Securing your security systems

 

Today‘s connected world is witnessing an unavoidable rise in cyber threats. Although most organizations put great care in securing their core business IT networks, the same standards are often overlooked for physical security networks. This leaves a significant gap for cyber criminals to breach into the corporate network. 


 

There is sometimes the misconception that physical security system network architecture is standalone with no internet access or external accessibility and can therefore not be accessed from an eternal network.

 

However, this is not the case and there are still risks:

  • Physical security systems have Windows-based servers and storage infrastructures which require frequent and timely OS, application patch and firmware updates. Internet access must be provided for these updates, therefore posing a threat.
  • A dissatisfied employee could access the unsecured network and lock, destroy or leak videos stored on the NVR, employee data on the access control or HR system (HR and ACS data is often interlinked), or other sensitive data from the security system.
  • A cyber intruder could simply disable the security system so that it no longer protects the facility, allowing intruders to enter the premises due to ineffective access control. 

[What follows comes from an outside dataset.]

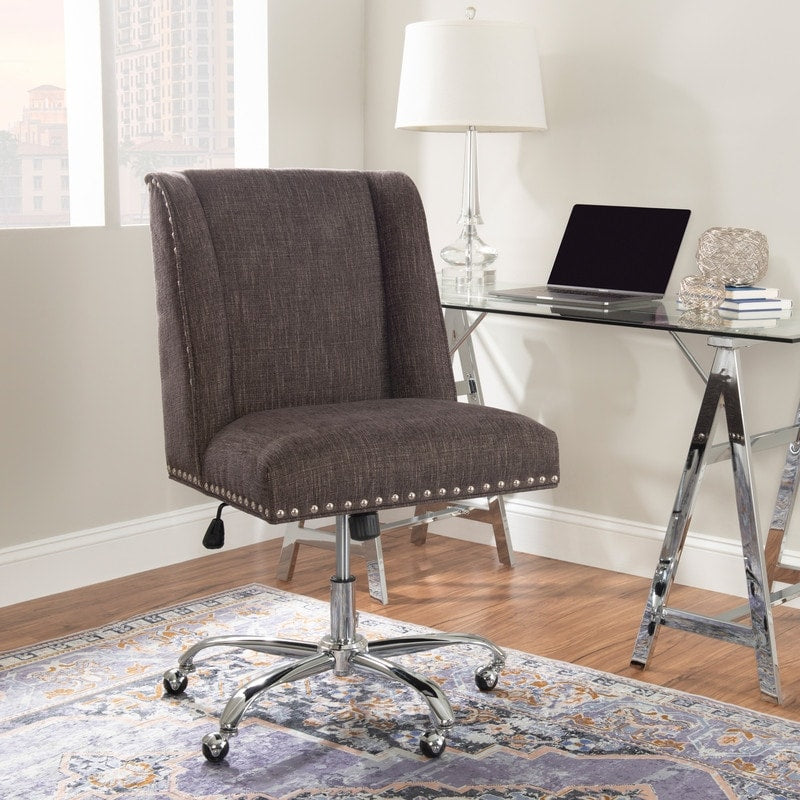 Copper Grove Lipcani Grey Fabric Upholstered Office Chair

Recent studies have demonstrated that end point devises, like cameras and card readers, can pose as serious threats – they can be an easy entry point if not adequately secured. The most common infiltration method is using a default/weak password, user ID or through the presence of compromised firmware or software which has not been updated.

 

Although manufacturers typically provide means to safeguard systems, many implementation partners and end users ignore rolling out these procedures and expose the organization to risk.